— Excerpted data —
○ ○ ○ ○ ○ ○ ○

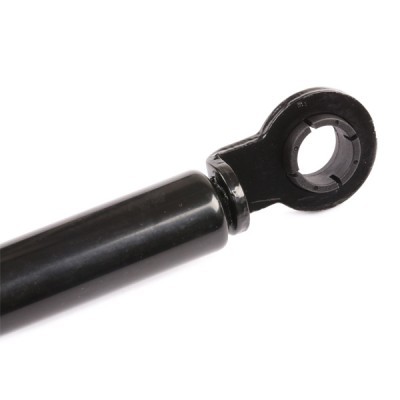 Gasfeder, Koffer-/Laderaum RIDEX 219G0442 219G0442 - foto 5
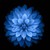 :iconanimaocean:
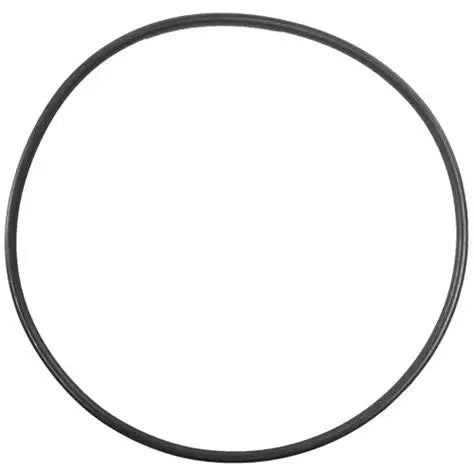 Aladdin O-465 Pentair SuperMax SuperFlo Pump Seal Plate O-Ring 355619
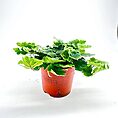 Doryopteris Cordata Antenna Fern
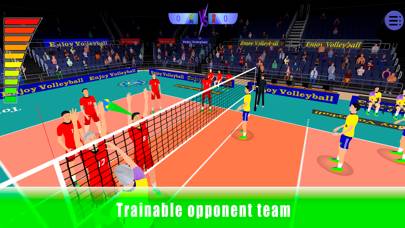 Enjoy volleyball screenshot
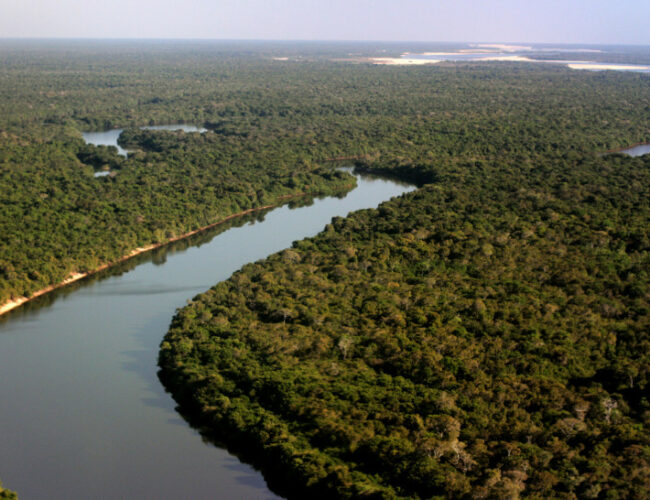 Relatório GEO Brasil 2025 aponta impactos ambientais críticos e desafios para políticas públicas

○ ○ ○ ○ ○ ○ ○

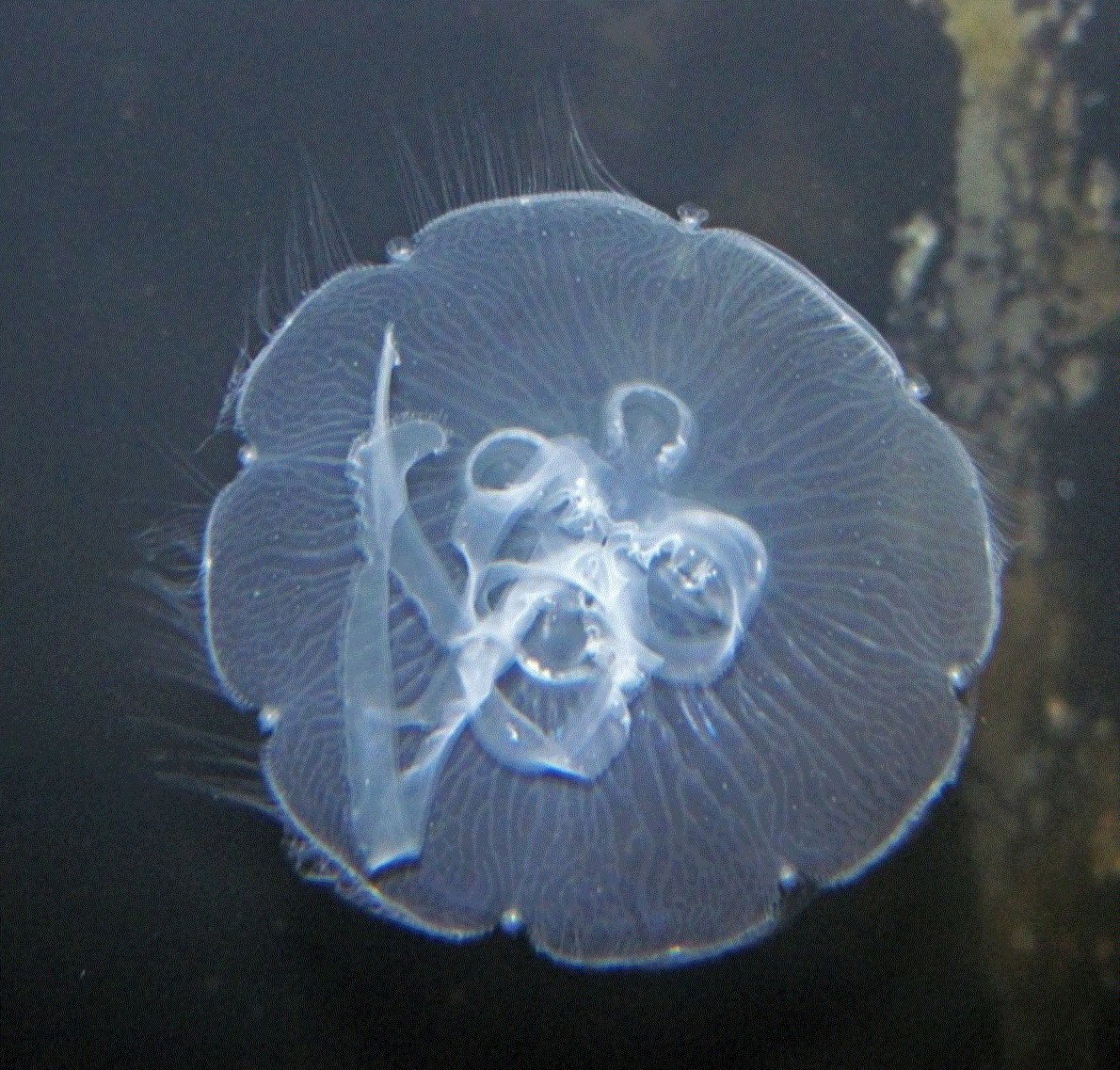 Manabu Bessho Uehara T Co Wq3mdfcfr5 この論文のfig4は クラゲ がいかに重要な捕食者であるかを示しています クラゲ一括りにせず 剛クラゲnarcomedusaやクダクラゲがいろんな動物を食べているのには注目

○ ○ ○ ○ ○ ○ ○

— Prompt —
Look above for the line with "Doryopteris Cordata Antenna Fern", then give again exactly every line from there through the line with "Relatório GEO Brasil", skipping the pictures.

— Your solution —
 Doryopteris Cordata Antenna Fern
 Enjoy volleyball screenshot
 Relatório GEO Brasil 2025 aponta impactos ambientais críticos e desafios para políticas públicas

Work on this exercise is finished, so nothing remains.